Con lo anterior dicho, no me refiero a que necesariamente disfrutemos que seamos vistos como diablos o demonios cuando nos disfrazamos así. En la gran mayoría de las personas, lo que nos atrae es la posibilidad de escenificación. Es decir que, cuando salimos a la calle con un disfraz, de cierta manera salimos de nuestra realidad inmediata. Abandonamos el mundo de matices tan grises que es la realidad por uno más sencillo de contrastes claros y evidentes. Sin embargo, como se venía apuntando líneas más arriba, aquel sentimiento de lo sublime está detrás de estas costumbres de disfrazarnos. Kant escribió que lo sublime se refiere a la apreciación de algo que resulta muy impactante y que a su vez, y debido al mismo impacto, produce una sensación de temor o miedo. Uno de los ejemplos que utiliza es la contemplación de los huracanes. Impacta ver la fuerza de la naturaleza que se expresa con nubes, tormentas, relámpagos y la furia del océano. Sin duda que cualquier persona que haya sido testigo de tal espectáculo tan antiguo como el mundo podrá afirmar que se trata de un sentimiento que impacta y, por supuesto, provoca el miedo.
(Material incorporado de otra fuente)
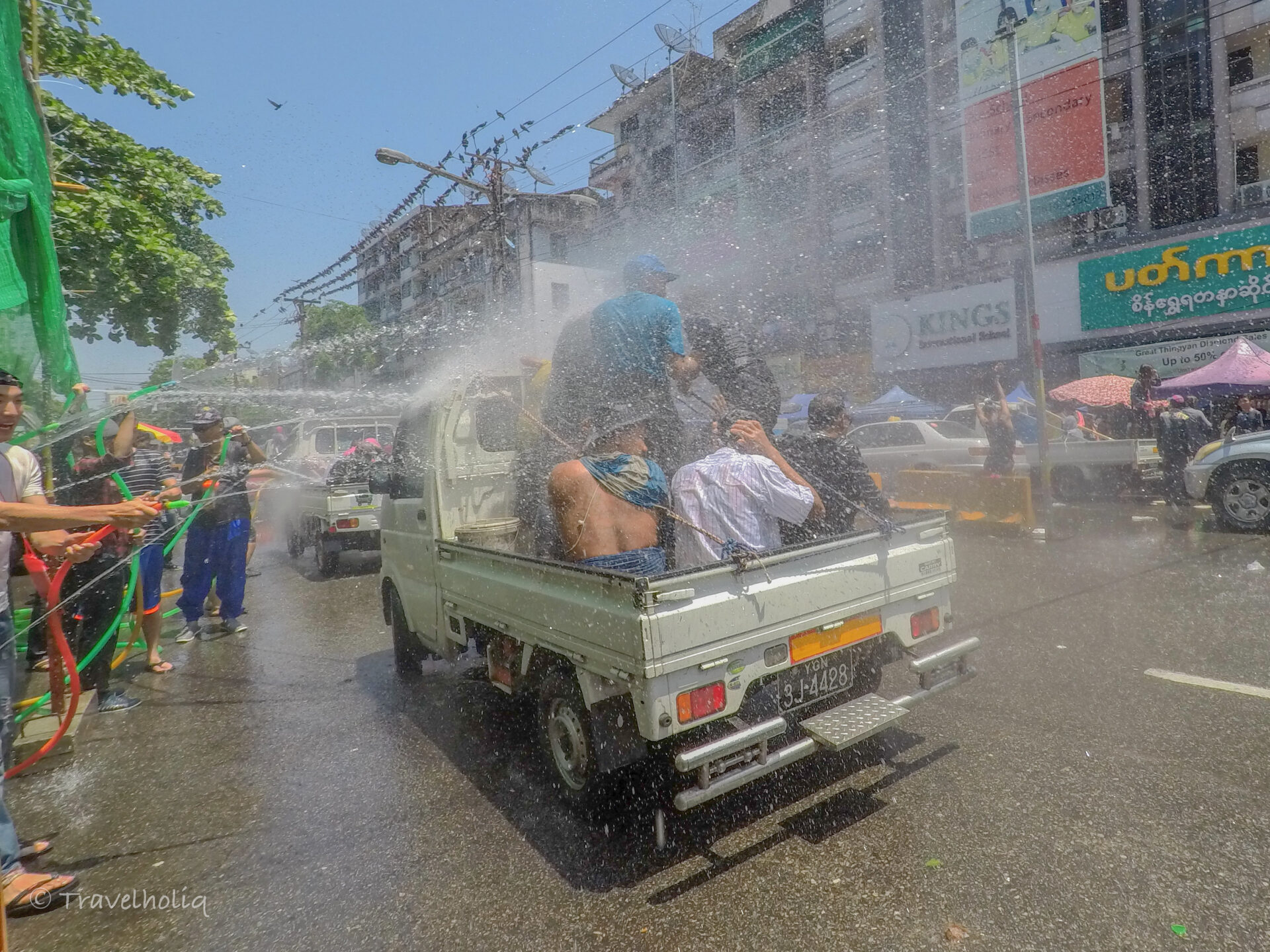 水かけ祭り – ヤンゴン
Sin embargo, ¿cuánto no se ha escrito a lo largo de la historia que cae bajo esta categoría? La narración de Paraíso perdido de John Milton –otro ejemplo del filósofo alemán– es prueba de ello. O nuestra fascinación con los libros de novela negra que tanto han cautivado al público desde principios del siglo XX. Son historias cuyo encanto estriba en la crudeza de los crímenes y cómo el trabajo del investigador se va desarrollando paralelo a los “demonios” internos del protagonista. Es innegable, entonces, que hay una dualidad que surge a partir de este sentimiento de lo sublime que nos atrae al mismo tiempo de repeler. 

Edmund Burke también analiza lo sublime que, según él, se trata de aquella sensación que “produce la emoción más fuerte que la mente es capaz de sentir”. Tal idea se puede conectar con la noción de “lo siniestro” –das Unheimliche– que estudió Freud; el cual, se puede explicar someramente como aquel sentimiento o sensación que evoca algo espeluznante, terrorífico, secreto, pero que, curiosamente, puede también evocar una cierta clase de familiaridad en tanto que es algo oculto para unos y por ello, cercano para otros. 

Entonces, se podría decir que esta festividad evoca en nosotros ese conocimiento que en general nos ha costado aceptar: dentro de cada uno de nosotros está la potencia de hacer actos perversos e,  incluso, diabólicos. Y es así que el príncipe de las tinieblas vuelve a reclamar su lugar por excelencia dentro del imaginario cultural en tanto que es el símbolo del mal.

Sea creyente o ateo, nadie puede poner en duda el rol que tiene la figura del demonio. Ya sea su concepción originaria como “el opositor” de Dios o su narración más romantizada como el gran líder de la rebelión que relata John Milton  y cristaliza en la frase “mejor reinar en el infierno que servir en el cielo” o la del acusador y embustero como el Mefistófeles de Goethe, el demonio siempre será nuestra analogía por antonomasia del mal. Y es en éste donde reconocemos y entendemos nuestro deleite del placer perverso que, como ya se insinuó más arriba, es algo mucho más común de lo que nos atrevemos a afirmar y se manifiesta en nuestra apreciación estética comprendida como “lo sublime”. Por ello, en el símbolo cultural del demonio comprendemos la oposición al bien  por el beneficio y deleite del ego lo que lleva a su rendición al encierro placentero de su propio y soberbio ser. 

1 Shaw, Julia: Hacer el mal, trad. de Álvaro Romero; México: Planeta, 2019, p. 56.
2 Ídem.
3 Burke, Edmund: Indagación filosófica sobre el origen de nuestras ideas acerca de lo sublime y de lo bello,trad. de Menene Gras Balaguer; 2a. ed., Madrid: Alianza editorial, 2014, p. 79.